The second single released by Tollie was "Love Me Do" b/w "P.S. I Love You" (Tollie 9008), in April 1964. It went all the way to number 1 in Billboard, while its B-side "PS I Love You" reached number 10. Although the label released a total of 48 singles before it ceased operation in 1965, the Beatles records were its only million-sellers. The label's second release was the Dowlands' cover of the Beatles "All My Loving" b/w "Hey Sally" (Tollie 9002). The Dowlands had a UK number 24 hit with the track, which was produced by Joe Meek. Their recording is an almost exact copy of George Martin's Beatles production.

Previous releases of some early Beatles songs on the Vee-Jay label in the summer of 1963 failed to chart in America. "From Me to You" reached no higher than No. 47 on one American Northwest Chart (KISN Radio in Portland, Oregon), in late August 1963.

==History==
Don Cole and Alleyne recorded the songs, "Something's Got a Hold of Me and "Gotta' Find My Baby" which were released on single, Tollie 4186 in 1964.

A group called The Angelos had recorded "Backfield in Motion" (no connection to a later song of the same name by Mel & Tim) which was released in 1964 on Tollie 9003. It was advertised in the 7 March 1964 issue of Cash Box. It was a Cash Box Newcomer Pick for the week of 14 March 1964. The single did have some potential, and the reviewer in the 14 March issue of Cash Box said it could be flying high in the weeks to come. It did get airplay in Philadelphia and for the week of 1 August, it was one of the seven singles in the Billboard Requests and Good Programming section of the "Analysis of Philadelphia Market" list by Georgie Woods and Jimmy Bishop of WDAS. The song was later covered by Joe South and the Believers, and issued on the Columbia label. Interestingly, Joe South's other group, The Chips had recorded for the Tollie label.

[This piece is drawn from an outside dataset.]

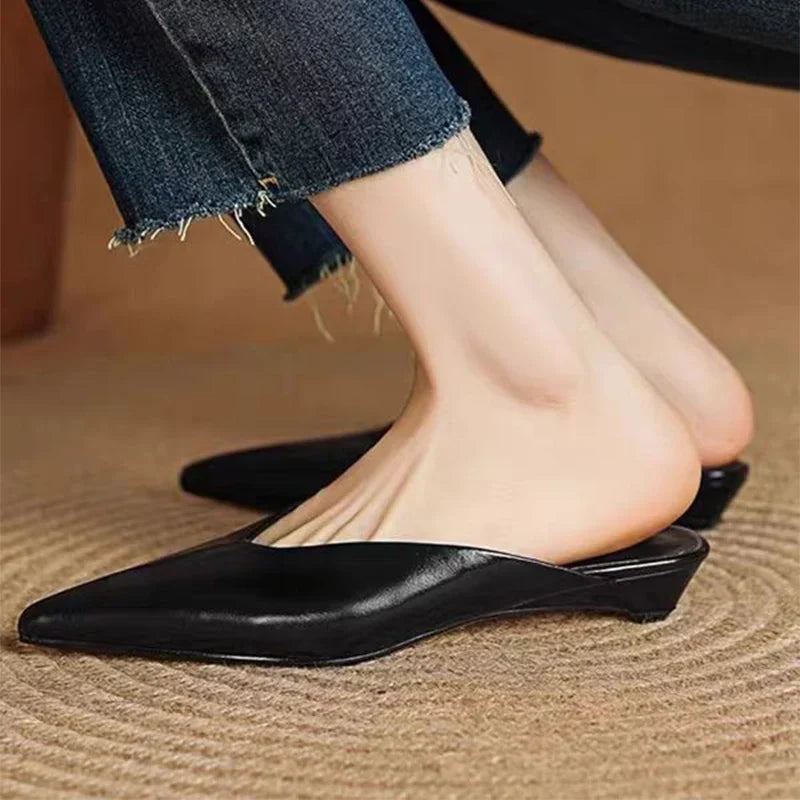 Black leather pointed-toe mule with low heel, close-up on foot.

It was reported in the 14 November 1964 issue of Cash Box that Tollie Records had ventured into country music, and they had released four singles in the previous week. The new artists were, Ray Smith, Ray Godfrey, Eddie McDuff, and Peanut Montgomery II. They all joined Tollie executives, Steve Clark and Ray Harris for the 39th annual Grand Ole Opry birthday, an event sponsored by Nashville radio station WSM. Clark who oversaw the running of Tollie was also the vice-president of the parent company, Vee-Jay Records. According to him, the venture into country music was to broaden the growth picture of Tollie so it could be a major competitor of the parent co. They were also planning to release some country albums. Also in that week period, Tollie artist, Terry Black's single, "Unless You Care" had made its debut at no. 93 in the Cash Box Top 100 Singles chart. Joey Paige who was another Tollie artist had just released "Going Back to Tennessee" on Tollie 9025 which was described by Cash Box as a Chuck Berry-styled rocker. The magazine gave it a B+ and noted its teen appeal.

An advertisement appeared in the 5 December issue of Billboard for two releases. A single by Jimmy Hughes, "I'm Getting Better" bw "I Want Justice" was released on the fame label. Tollie Records was the exclusive distributor for that release. Ray Smith also had a release. "Here Comes My Baby Back Again" bw "Did We Have a Party" was released on Tollie 9029.

It was reported by Cash Box in the magazine's 19 December issue that Steve Clark of Tollie Records had gotten hold of Dallas singer Eddie McDuff's masters. They were "Toy Heart and "Hello Lonesome". McDuff's recording was getting some airplay.